Los vecinos han señalado que ante la creciente afluencia de peregrinos de paso por Zamarramala, procedentes en su mayoría del Camino de Madrid, y con el fin de ofrecerles cobijo ante la climatología adversa, la asociación “ha decidido ofrecer a estos visitantes la ermita de San Roque, para cobijarse en la misma”.

Desde la asociación recuerdan que la ermita de San Roque, situada en la entrada del pueblo, no dispone de todos los servicios mínimos necesarios, “simplemente es un lugar para descansar y una solución temporal mientras se construye el albergue previsto para finales de este año”. De este modo, los peregrinos que quieran descansar en la ermita deberán presentar la correspondiente acreditación.

La ermita de San Roque se encuentra a la entrada de la localidad, es de planta cuadrada y se enclava en el tramo recientemente señalizado por el Ayuntamiento de la ruta de Santiago desde Madrid.
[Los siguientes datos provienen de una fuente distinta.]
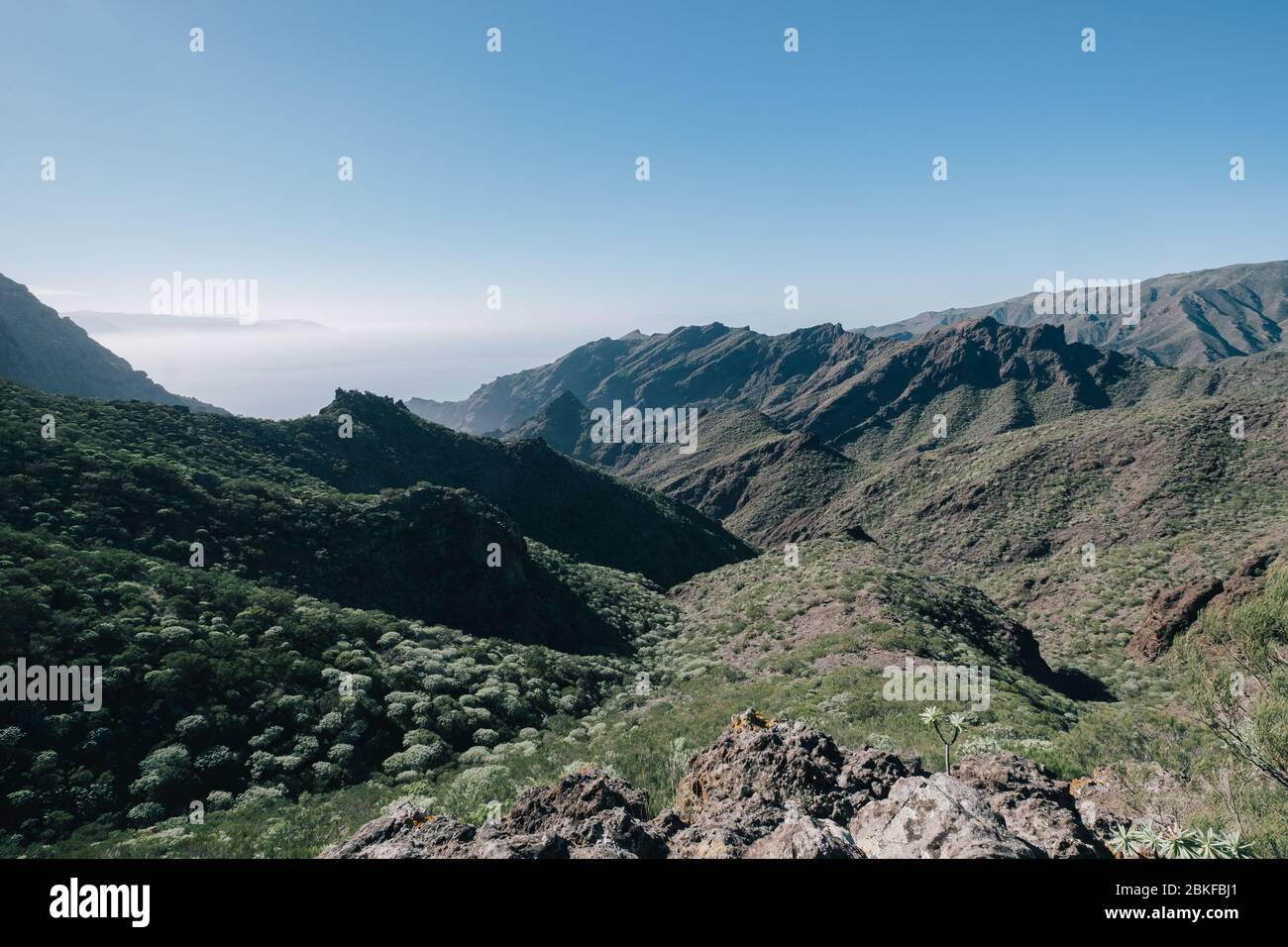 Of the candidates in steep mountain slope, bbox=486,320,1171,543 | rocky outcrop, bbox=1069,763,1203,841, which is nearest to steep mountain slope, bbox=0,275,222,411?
steep mountain slope, bbox=486,320,1171,543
El origen de esa localidad, que ha saltado a la fama por la celebración de las fiestas de Santa Águeda, en las que las mujeres toman el mando, está relacionado con una leyenda, según la cual un pastor sordo cuidaba su rebaño de ovejas en las proximidades del pueblo, mientras cosía una vieja zamarra; se le acercó un importante hombre del reino y le preguntó por el nombre de la población. El pastor no le entendió y le respondió que estaba cosiendo una zamarra mala. Desde entonces se conoce este pueblo, anteriormente llamado según la leyenda Miraflores de la Sierra, como Zamarramala debido a la zamarra vieja de un pastor.